Eventually, I realized they were right and I was tired of feeling the way I did so I started looking for ways to deal with depression without medicine. I am still rather opposed to ever being medicated, the short while that I was was awful and I was a total zombie. Anyway, I eventually came out of it and thought I was good forever...until it came back. It came back without warning and stole my light. It stole everything beautiful and wonderful in the world until all I felt was hurt.
I tried to hide from it, to mask the pain, to not feel anything at all. And I usually succeeded in the not feeling anything department. But that only lasts for so long. The hangover shows up and the warm fuzzies wear off. So I'd do it all over again. Over and over and over always trying to squash the pain in my heart. 
Then one day, it all changed.
One day I took a leap of faith.
I asked for help.
I let someone in.
I let someone love me even though I didn't feel like I deserved it.
That's when I got my life back.
That's when I realized that hope is real and rescue is real.
Unfortunately, I've since learned that this struggle isn't one that plans to leave me alone. It still pops in from time to time and hits me like a semi truck. It happens for no reason at all and I have no power to stop it even though I wish I did. Those times are hard. They present me with a daily, hourly, by the minute battle. But I will always fight because I've learned that things can be beautiful and full of light again.
I've learned not to be silent about it. I've learned to let people in. I've learned to let people love me. I've learned how much God loves me. 

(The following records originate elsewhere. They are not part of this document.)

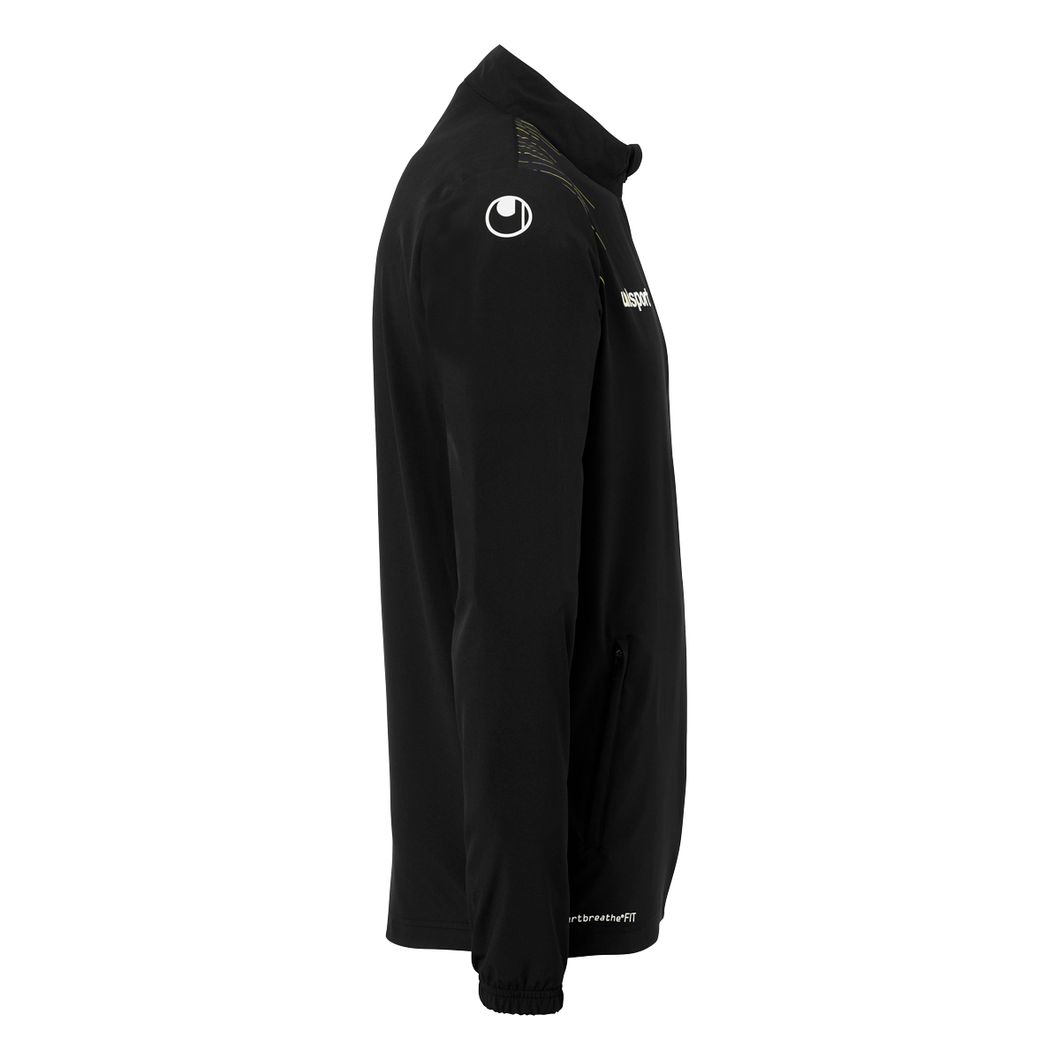 Score 26 Evo Webjacke
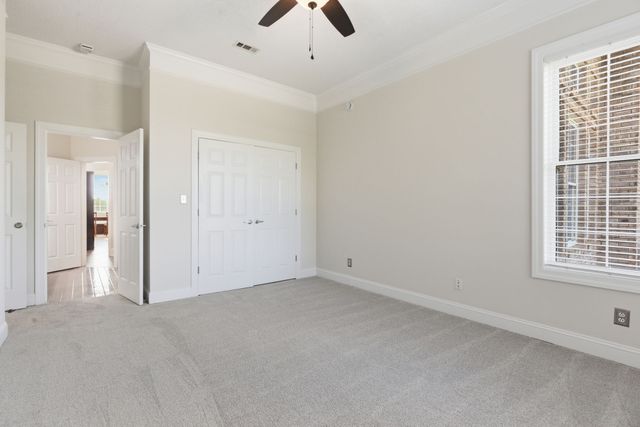555 Randall Hitchcock Rd, Rock Island, TN 38581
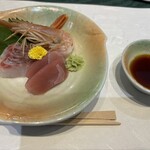 ホテル東京ガーデンパレス - 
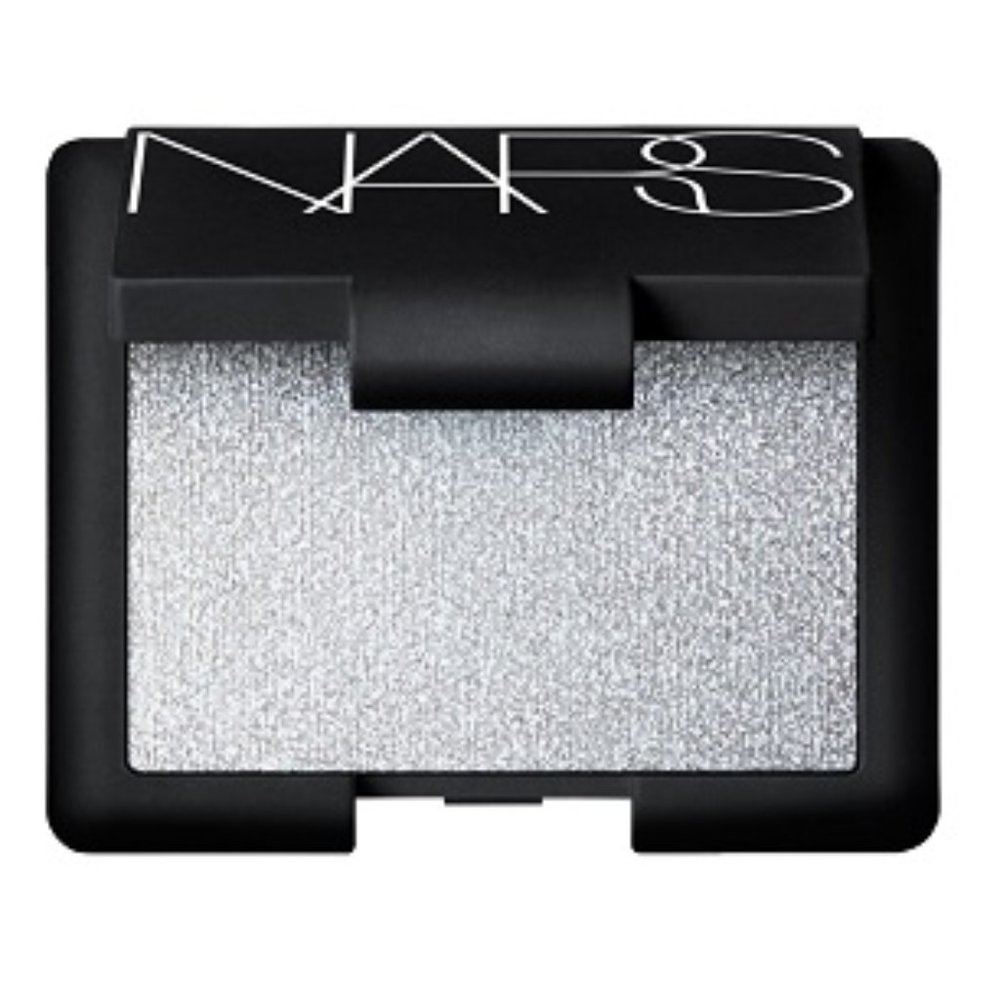 NARS Hardwired Eyeshadow #9129 Parallax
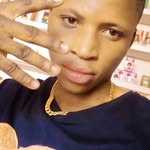 cash berry - @cashberry575 - Instagram
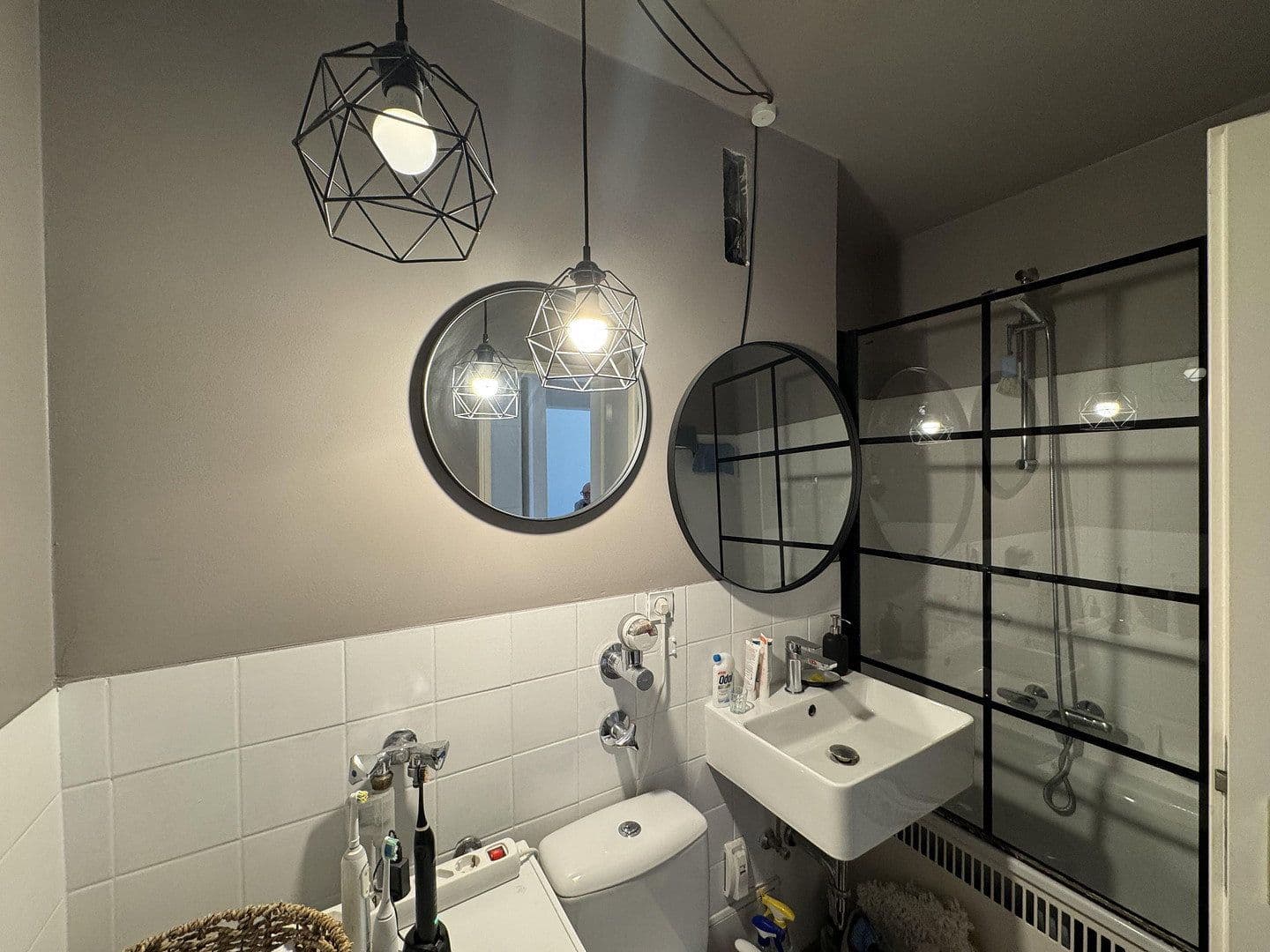 Predaj bytu 4-izbový 85 m², München, Bavorsko Predaj bytu 4-izbový 85 m², München, Bavorsko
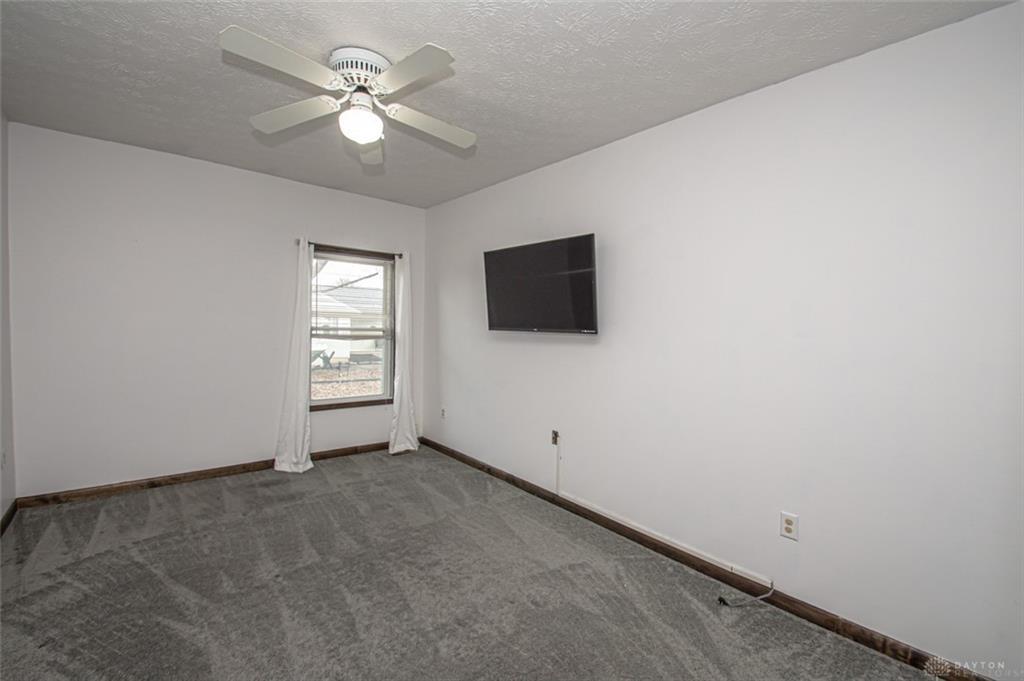 503 Candace Drive Property Photo 29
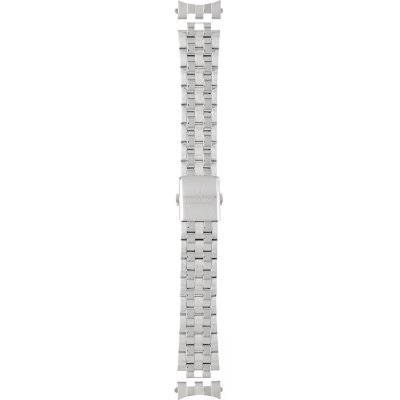 Festina Straps BA04157 F20374 Band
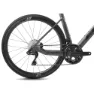 BH Bikes Rs1 5.5 Ultegra Di2 8150 2025 Rennrad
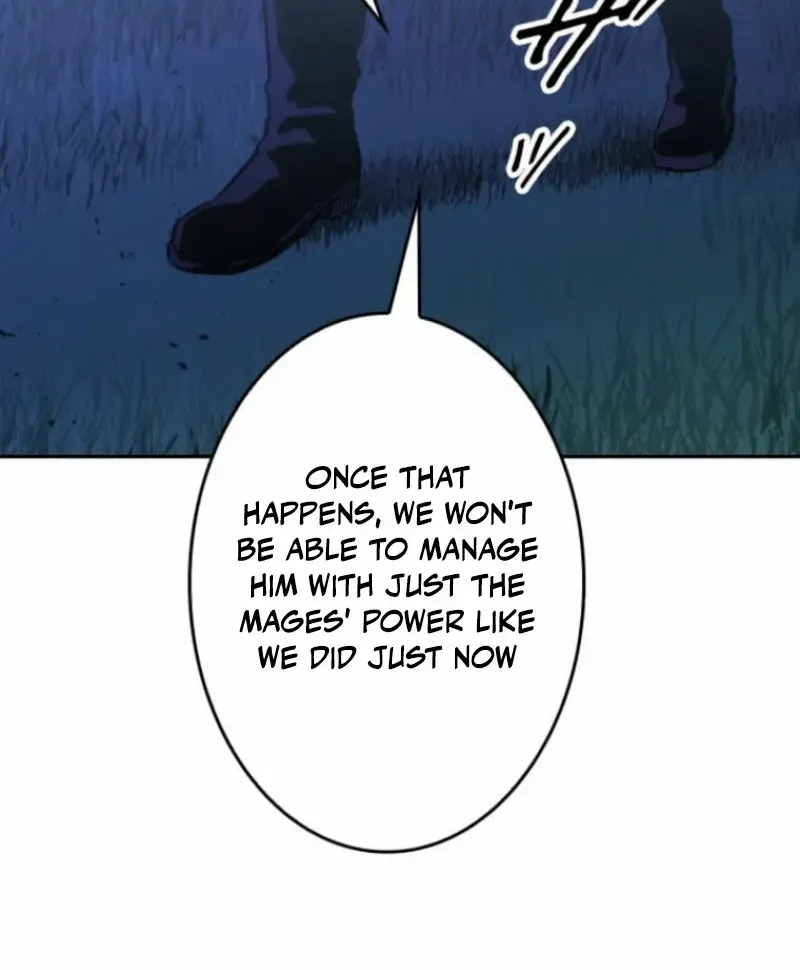 Read Conquering Dungeons With Copy Paste! chapter 64 image 62 on Lezhin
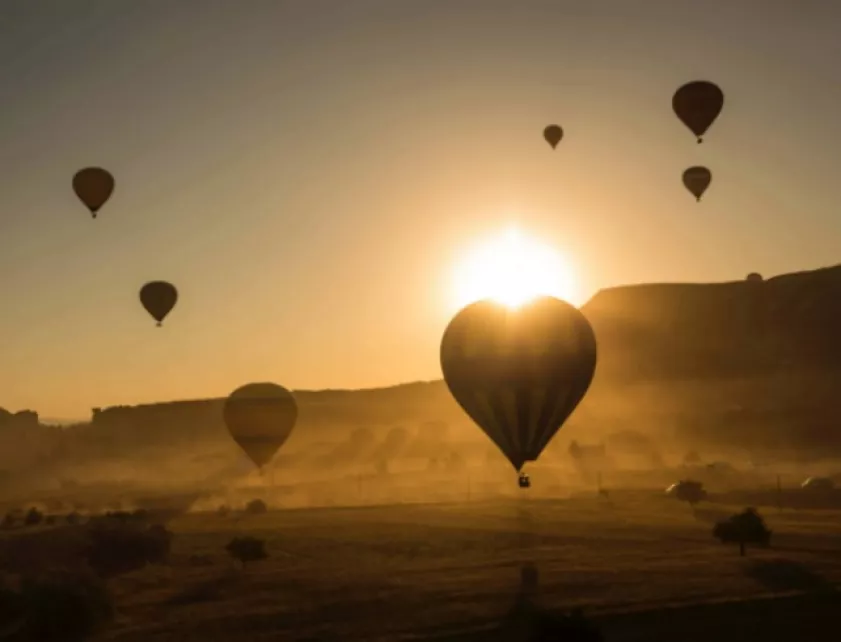 Tanya Jawab Pertanyaan Investasi Reksadana Buat Investor Pemula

Many times I need to be reminded of that and need to be told that I matter.
But it gets better.
I know when it's happening now.
I know better how to deal with it.
I know how not to "deal" with it.
I know that even when I'm at the lowest of lows, I'll eventually pull back out of it.
I know that people care.
I know that love is real and it is powerful

So, now I have love written on my arm. And some day, maybe not far down the road or maybe years from now, I'll need it. I'll need to look at it and remember the good times and good people. I'll need to remember the ones who cared when no one else did, the ones who listened, the ones who were there.
But most of all, I need to remember that there might be people in my life who are hurting, who may be afraid to speak up, and who need me to write love on their arms. To let them know they matter and that someone cares.

In case you're wondering why I decided to share this...well I don't know really. I guess I kind of had 2 goals in mind...1 being that I wanted to put a face and a story to this thing that so many people deal with but no one really understands. I want people to know that someone they love might be fighting and might need love. And that if you happen to be reading this and you relate, I want you to know you aren't alone.
My other goal is a bit more selfish in that I wanted to take away the power that depression held over me for so long. Trying to fight it alone and hide it and be "normal" consumed my thinking. Always wondering if someone might have figured me out and if they thought I was crazy. Putting it out there on my own is my little way of letting you in, of realizing I have nothing to hide.
Love is real. Hope is real. Rescue is real.